Berne Union members paid out a record US$9.2bn following claims and non-performing loans last year, with export credit agencies (ECAs) grappling with the after-effects of pandemic-related lockdowns. 

The association, which represents over 80 ECAs, private credit insurers and multilateral financial institutions around the world, says in a report published in August that the value of claims in 2021 was 4% higher than the previous year, and more than 25% above the total for 2019. 

The findings “continue a gloomy trend from last year as Berne Union members’ indemnifications were higher than last year which, at the time, was the highest amount indemnified in Berne Union’s history”, the Berne Union says. 

Payouts largely arose from medium and long-term export credit transactions, it finds.
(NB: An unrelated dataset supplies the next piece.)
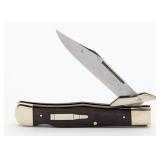 Buck Creek Smooth Wood Swing Guard Lock Back Cheet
Of the total claims paid, US$5.9bn related to longer-tenor business, a year-on-year increase of 17% and nearly two-thirds higher than the figure for 2019. 

This trend likely reflects for the first time the impact of Covid-19 on claims submitted to ECAs, the report suggests. 

“While many of the claims paid in 2020 were not directly related to the pandemic as of these were related to pre-existing issues, the majority of claims paid during 2021 were related to the pandemic or lockdowns,” the report says. 

As a result, 2021 “may represent the first year where the consequences of Covid were represented in longer-tenor claims”. 

“This is particularly clear when one looks at which sector these claims materialised in; transportation was responsible for almost 40% of all claims paid in 2021.” 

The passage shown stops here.